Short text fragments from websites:
= Beginning of Section =

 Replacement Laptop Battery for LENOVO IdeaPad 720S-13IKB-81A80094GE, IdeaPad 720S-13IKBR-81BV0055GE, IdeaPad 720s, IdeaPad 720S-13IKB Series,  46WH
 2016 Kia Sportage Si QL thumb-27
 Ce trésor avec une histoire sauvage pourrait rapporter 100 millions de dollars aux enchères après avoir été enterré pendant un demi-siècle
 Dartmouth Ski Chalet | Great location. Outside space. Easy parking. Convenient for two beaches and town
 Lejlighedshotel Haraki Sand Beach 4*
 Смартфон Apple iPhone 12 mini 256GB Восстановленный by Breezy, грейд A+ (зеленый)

= End of Section =
= Beginning of Section =

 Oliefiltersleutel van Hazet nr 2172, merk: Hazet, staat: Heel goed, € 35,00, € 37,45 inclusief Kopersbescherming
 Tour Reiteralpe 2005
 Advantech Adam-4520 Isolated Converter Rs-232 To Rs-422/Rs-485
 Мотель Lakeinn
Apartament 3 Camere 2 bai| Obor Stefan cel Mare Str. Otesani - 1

= End of Section =
= Beginning of Section =

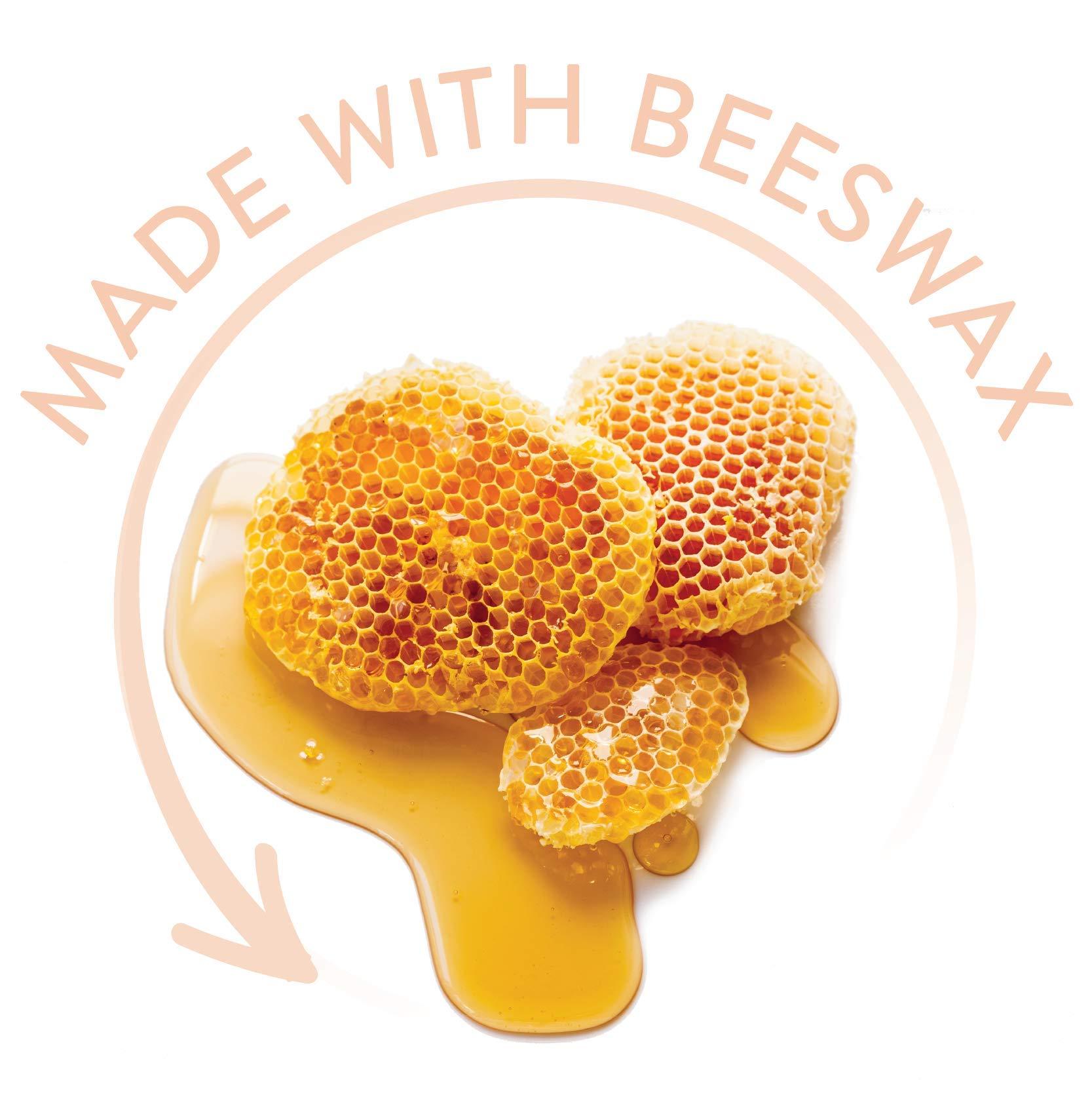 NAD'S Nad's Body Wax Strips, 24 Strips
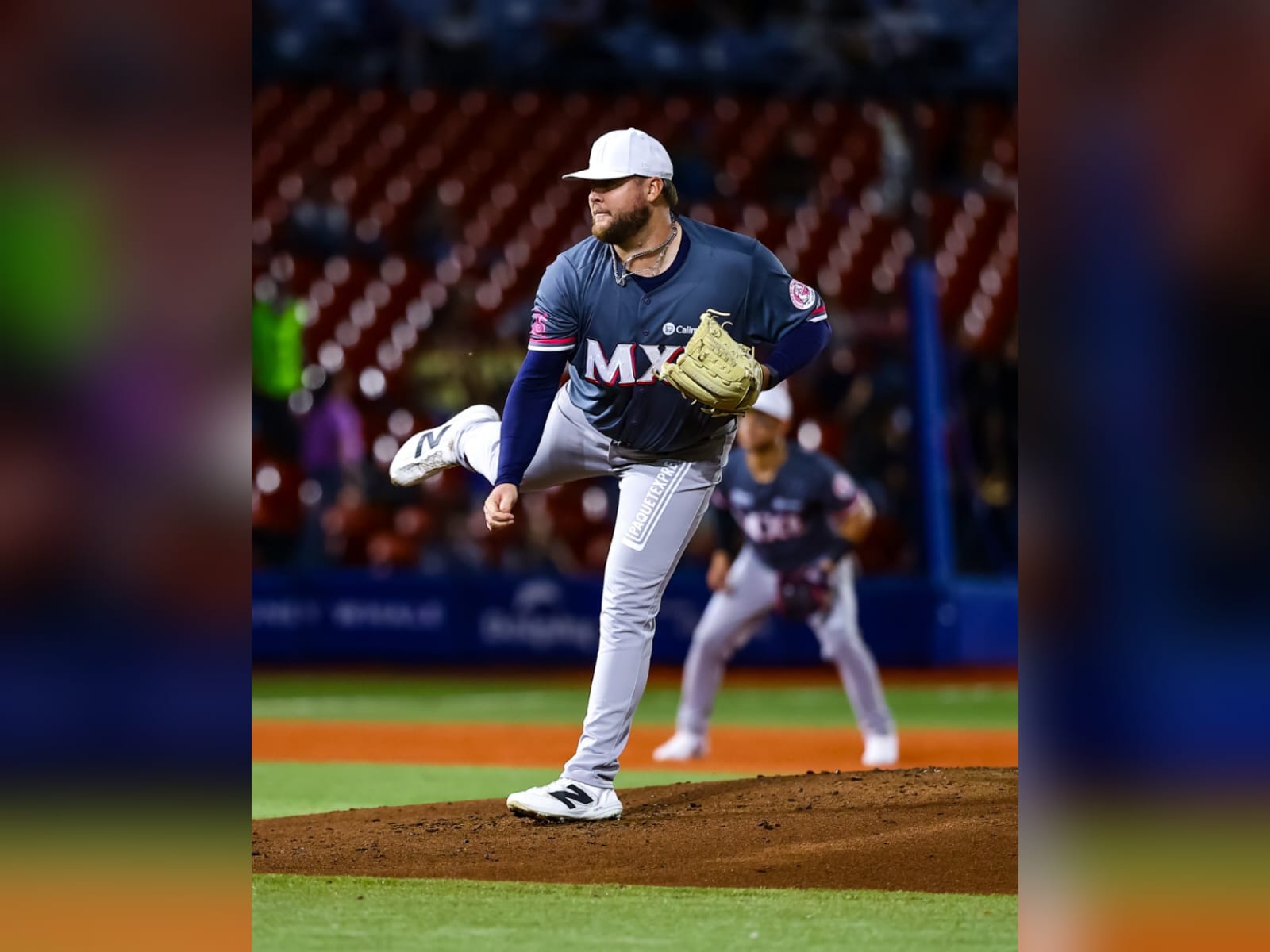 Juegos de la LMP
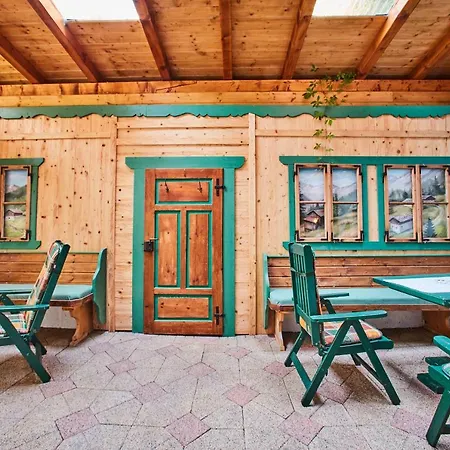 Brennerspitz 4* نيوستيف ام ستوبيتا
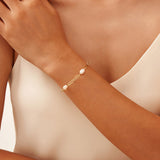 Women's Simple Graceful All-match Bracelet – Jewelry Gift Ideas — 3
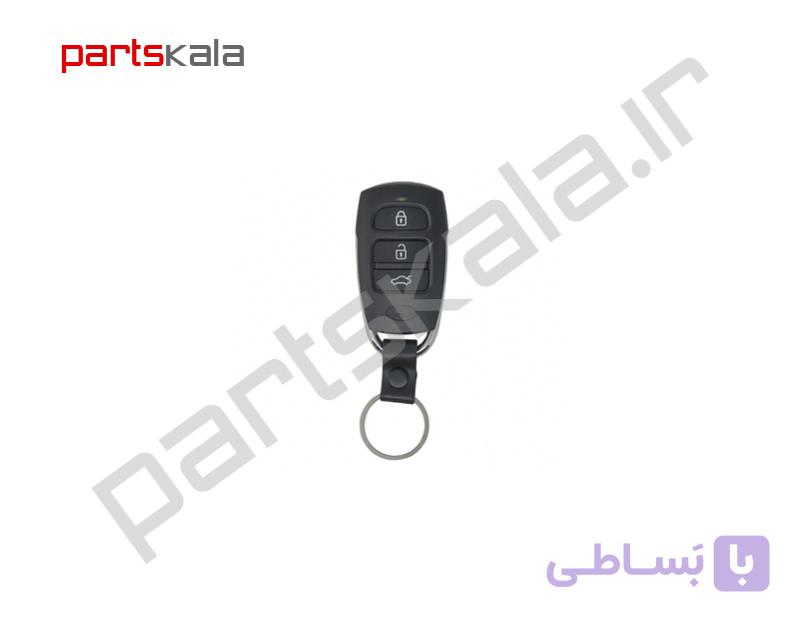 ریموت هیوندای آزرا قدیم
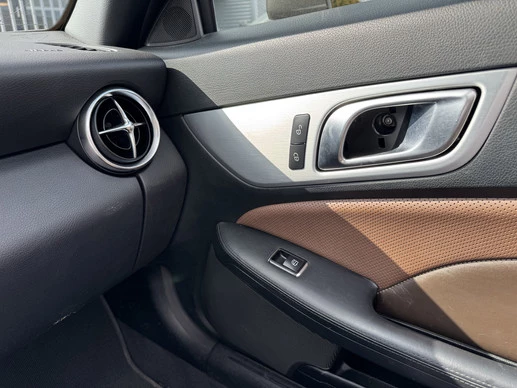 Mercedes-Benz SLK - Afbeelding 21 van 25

= End of Section =

* [Required action] Look above for the line with "Oliefiltersleutel van Hazet" and the line with "Apartament 3 Camere"; transcribe both and all lines in between, exactly, and nothing else.

* [Expected answer]
 Oliefiltersleutel van Hazet nr 2172, merk: Hazet, staat: Heel goed, € 35,00, € 37,45 inclusief Kopersbescherming
 Tour Reiteralpe 2005
 Advantech Adam-4520 Isolated Converter Rs-232 To Rs-422/Rs-485
 Мотель Lakeinn
Apartament 3 Camere 2 bai| Obor Stefan cel Mare Str. Otesani - 1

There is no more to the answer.